Exercise -> What is needed is a faithful copy of all the records.
── Material provided ──
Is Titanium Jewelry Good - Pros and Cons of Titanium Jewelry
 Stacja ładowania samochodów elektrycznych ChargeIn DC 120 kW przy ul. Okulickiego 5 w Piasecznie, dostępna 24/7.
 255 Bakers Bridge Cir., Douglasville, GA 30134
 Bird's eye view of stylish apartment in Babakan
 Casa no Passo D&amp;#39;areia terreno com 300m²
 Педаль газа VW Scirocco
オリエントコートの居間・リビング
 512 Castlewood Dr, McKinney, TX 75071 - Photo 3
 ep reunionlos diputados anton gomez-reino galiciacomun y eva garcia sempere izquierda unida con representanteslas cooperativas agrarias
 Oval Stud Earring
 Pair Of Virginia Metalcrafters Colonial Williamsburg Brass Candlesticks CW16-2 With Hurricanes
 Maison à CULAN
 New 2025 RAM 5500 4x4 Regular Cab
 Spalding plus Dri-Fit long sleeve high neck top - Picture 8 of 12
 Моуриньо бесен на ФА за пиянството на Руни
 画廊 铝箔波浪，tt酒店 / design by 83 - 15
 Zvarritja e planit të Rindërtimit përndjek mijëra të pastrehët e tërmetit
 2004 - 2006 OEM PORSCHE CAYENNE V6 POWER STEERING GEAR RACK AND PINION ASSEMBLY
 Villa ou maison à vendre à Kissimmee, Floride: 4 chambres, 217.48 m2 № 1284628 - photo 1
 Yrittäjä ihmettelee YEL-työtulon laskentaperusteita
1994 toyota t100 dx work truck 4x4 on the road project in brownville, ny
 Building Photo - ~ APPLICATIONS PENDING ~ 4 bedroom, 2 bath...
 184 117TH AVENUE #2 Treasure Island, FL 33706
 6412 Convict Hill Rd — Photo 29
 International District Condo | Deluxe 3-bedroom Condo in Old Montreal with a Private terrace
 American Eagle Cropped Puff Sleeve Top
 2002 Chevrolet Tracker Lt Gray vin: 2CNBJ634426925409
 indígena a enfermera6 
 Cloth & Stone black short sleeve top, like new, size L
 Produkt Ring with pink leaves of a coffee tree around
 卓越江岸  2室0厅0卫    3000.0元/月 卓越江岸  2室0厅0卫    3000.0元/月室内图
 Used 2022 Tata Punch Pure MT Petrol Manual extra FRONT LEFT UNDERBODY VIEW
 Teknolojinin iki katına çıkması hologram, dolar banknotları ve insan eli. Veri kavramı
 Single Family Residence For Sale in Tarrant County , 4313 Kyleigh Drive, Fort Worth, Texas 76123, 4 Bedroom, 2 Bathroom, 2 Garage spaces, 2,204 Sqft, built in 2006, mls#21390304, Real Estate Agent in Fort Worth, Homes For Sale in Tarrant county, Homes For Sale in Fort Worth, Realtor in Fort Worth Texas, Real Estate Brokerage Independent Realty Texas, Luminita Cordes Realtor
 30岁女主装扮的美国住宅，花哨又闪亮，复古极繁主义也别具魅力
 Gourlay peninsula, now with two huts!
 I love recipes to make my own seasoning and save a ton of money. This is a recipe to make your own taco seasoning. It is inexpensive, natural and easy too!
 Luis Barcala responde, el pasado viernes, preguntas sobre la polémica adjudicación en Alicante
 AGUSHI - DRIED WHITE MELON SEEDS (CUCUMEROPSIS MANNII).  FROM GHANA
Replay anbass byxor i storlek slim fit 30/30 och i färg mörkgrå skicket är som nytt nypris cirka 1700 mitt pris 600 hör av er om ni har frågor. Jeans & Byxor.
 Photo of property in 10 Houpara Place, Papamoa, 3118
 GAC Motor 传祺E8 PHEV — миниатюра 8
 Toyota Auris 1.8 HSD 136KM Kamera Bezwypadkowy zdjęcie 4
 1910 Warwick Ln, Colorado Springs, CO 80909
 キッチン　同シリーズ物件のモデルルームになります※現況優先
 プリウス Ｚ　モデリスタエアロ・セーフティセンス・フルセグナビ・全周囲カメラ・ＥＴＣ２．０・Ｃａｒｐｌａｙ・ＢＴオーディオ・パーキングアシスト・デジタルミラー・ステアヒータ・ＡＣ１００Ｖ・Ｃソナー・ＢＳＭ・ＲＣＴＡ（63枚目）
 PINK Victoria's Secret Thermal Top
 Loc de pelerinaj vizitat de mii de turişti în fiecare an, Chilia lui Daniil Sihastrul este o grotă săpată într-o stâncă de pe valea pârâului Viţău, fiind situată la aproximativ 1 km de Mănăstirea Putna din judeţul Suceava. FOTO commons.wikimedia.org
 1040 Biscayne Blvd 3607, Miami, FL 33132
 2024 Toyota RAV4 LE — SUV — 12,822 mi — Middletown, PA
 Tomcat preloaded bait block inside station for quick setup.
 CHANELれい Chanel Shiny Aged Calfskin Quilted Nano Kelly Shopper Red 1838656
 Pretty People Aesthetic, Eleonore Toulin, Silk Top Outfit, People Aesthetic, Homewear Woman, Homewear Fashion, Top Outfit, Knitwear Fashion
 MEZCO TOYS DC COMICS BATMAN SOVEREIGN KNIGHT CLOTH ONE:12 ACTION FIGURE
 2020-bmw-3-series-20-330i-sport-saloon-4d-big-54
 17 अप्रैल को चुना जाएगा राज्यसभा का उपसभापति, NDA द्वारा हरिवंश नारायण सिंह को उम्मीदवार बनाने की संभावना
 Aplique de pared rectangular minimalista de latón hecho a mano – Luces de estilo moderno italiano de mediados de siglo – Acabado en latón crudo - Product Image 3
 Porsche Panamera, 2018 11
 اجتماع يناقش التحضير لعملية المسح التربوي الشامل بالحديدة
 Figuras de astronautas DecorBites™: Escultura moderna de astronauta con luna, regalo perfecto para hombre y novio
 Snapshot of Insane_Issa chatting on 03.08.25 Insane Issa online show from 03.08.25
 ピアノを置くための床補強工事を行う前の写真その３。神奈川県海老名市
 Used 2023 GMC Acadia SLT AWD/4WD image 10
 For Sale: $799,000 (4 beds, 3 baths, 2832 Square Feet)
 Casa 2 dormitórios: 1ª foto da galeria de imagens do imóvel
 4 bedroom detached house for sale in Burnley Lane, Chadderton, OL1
───
Worked solution ->
Is Titanium Jewelry Good - Pros and Cons of Titanium Jewelry
 Stacja ładowania samochodów elektrycznych ChargeIn DC 120 kW przy ul. Okulickiego 5 w Piasecznie, dostępna 24/7.
 255 Bakers Bridge Cir., Douglasville, GA 30134
 Bird's eye view of stylish apartment in Babakan
 Casa no Passo D&amp;#39;areia terreno com 300m²
 Педаль газа VW Scirocco
オリエントコートの居間・リビング
 512 Castlewood Dr, McKinney, TX 75071 - Photo 3
 ep reunionlos diputados anton gomez-reino galiciacomun y eva garcia sempere izquierda unida con representanteslas cooperativas agrarias
 Oval Stud Earring
 Pair Of Virginia Metalcrafters Colonial Williamsburg Brass Candlesticks CW16-2 With Hurricanes
 Maison à CULAN
 New 2025 RAM 5500 4x4 Regular Cab
 Spalding plus Dri-Fit long sleeve high neck top - Picture 8 of 12
 Моуриньо бесен на ФА за пиянството на Руни
 画廊 铝箔波浪，tt酒店 / design by 83 - 15
 Zvarritja e planit të Rindërtimit përndjek mijëra të pastrehët e tërmetit
 2004 - 2006 OEM PORSCHE CAYENNE V6 POWER STEERING GEAR RACK AND PINION ASSEMBLY
 Villa ou maison à vendre à Kissimmee, Floride: 4 chambres, 217.48 m2 № 1284628 - photo 1
 Yrittäjä ihmettelee YEL-työtulon laskentaperusteita
1994 toyota t100 dx work truck 4x4 on the road project in brownville, ny
 Building Photo - ~ APPLICATIONS PENDING ~ 4 bedroom, 2 bath...
 184 117TH AVENUE #2 Treasure Island, FL 33706
 6412 Convict Hill Rd — Photo 29
 International District Condo | Deluxe 3-bedroom Condo in Old Montreal with a Private terrace
 American Eagle Cropped Puff Sleeve Top
 2002 Chevrolet Tracker Lt Gray vin: 2CNBJ634426925409
 indígena a enfermera6 
 Cloth & Stone black short sleeve top, like new, size L
 Produkt Ring with pink leaves of a coffee tree around
 卓越江岸  2室0厅0卫    3000.0元/月 卓越江岸  2室0厅0卫    3000.0元/月室内图
 Used 2022 Tata Punch Pure MT Petrol Manual extra FRONT LEFT UNDERBODY VIEW
 Teknolojinin iki katına çıkması hologram, dolar banknotları ve insan eli. Veri kavramı
 Single Family Residence For Sale in Tarrant County , 4313 Kyleigh Drive, Fort Worth, Texas 76123, 4 Bedroom, 2 Bathroom, 2 Garage spaces, 2,204 Sqft, built in 2006, mls#21390304, Real Estate Agent in Fort Worth, Homes For Sale in Tarrant county, Homes For Sale in Fort Worth, Realtor in Fort Worth Texas, Real Estate Brokerage Independent Realty Texas, Luminita Cordes Realtor
 30岁女主装扮的美国住宅，花哨又闪亮，复古极繁主义也别具魅力
 Gourlay peninsula, now with two huts!
 I love recipes to make my own seasoning and save a ton of money. This is a recipe to make your own taco seasoning. It is inexpensive, natural and easy too!
 Luis Barcala responde, el pasado viernes, preguntas sobre la polémica adjudicación en Alicante
 AGUSHI - DRIED WHITE MELON SEEDS (CUCUMEROPSIS MANNII).  FROM GHANA
Replay anbass byxor i storlek slim fit 30/30 och i färg mörkgrå skicket är som nytt nypris cirka 1700 mitt pris 600 hör av er om ni har frågor. Jeans & Byxor.
 Photo of property in 10 Houpara Place, Papamoa, 3118
 GAC Motor 传祺E8 PHEV — миниатюра 8
 Toyota Auris 1.8 HSD 136KM Kamera Bezwypadkowy zdjęcie 4
 1910 Warwick Ln, Colorado Springs, CO 80909
 キッチン　同シリーズ物件のモデルルームになります※現況優先
 プリウス Ｚ　モデリスタエアロ・セーフティセンス・フルセグナビ・全周囲カメラ・ＥＴＣ２．０・Ｃａｒｐｌａｙ・ＢＴオーディオ・パーキングアシスト・デジタルミラー・ステアヒータ・ＡＣ１００Ｖ・Ｃソナー・ＢＳＭ・ＲＣＴＡ（63枚目）
 PINK Victoria's Secret Thermal Top
 Loc de pelerinaj vizitat de mii de turişti în fiecare an, Chilia lui Daniil Sihastrul este o grotă săpată într-o stâncă de pe valea pârâului Viţău, fiind situată la aproximativ 1 km de Mănăstirea Putna din judeţul Suceava. FOTO commons.wikimedia.org
 1040 Biscayne Blvd 3607, Miami, FL 33132
 2024 Toyota RAV4 LE — SUV — 12,822 mi — Middletown, PA
 Tomcat preloaded bait block inside station for quick setup.
 CHANELれい Chanel Shiny Aged Calfskin Quilted Nano Kelly Shopper Red 1838656
 Pretty People Aesthetic, Eleonore Toulin, Silk Top Outfit, People Aesthetic, Homewear Woman, Homewear Fashion, Top Outfit, Knitwear Fashion
 MEZCO TOYS DC COMICS BATMAN SOVEREIGN KNIGHT CLOTH ONE:12 ACTION FIGURE
 2020-bmw-3-series-20-330i-sport-saloon-4d-big-54
 17 अप्रैल को चुना जाएगा राज्यसभा का उपसभापति, NDA द्वारा हरिवंश नारायण सिंह को उम्मीदवार बनाने की संभावना
 Aplique de pared rectangular minimalista de latón hecho a mano – Luces de estilo moderno italiano de mediados de siglo – Acabado en latón crudo - Product Image 3
 Porsche Panamera, 2018 11
 اجتماع يناقش التحضير لعملية المسح التربوي الشامل بالحديدة
 Figuras de astronautas DecorBites™: Escultura moderna de astronauta con luna, regalo perfecto para hombre y novio
 Snapshot of Insane_Issa chatting on 03.08.25 Insane Issa online show from 03.08.25
 ピアノを置くための床補強工事を行う前の写真その３。神奈川県海老名市
 Used 2023 GMC Acadia SLT AWD/4WD image 10
 For Sale: $799,000 (4 beds, 3 baths, 2832 Square Feet)
 Casa 2 dormitórios: 1ª foto da galeria de imagens do imóvel
 4 bedroom detached house for sale in Burnley Lane, Chadderton, OL1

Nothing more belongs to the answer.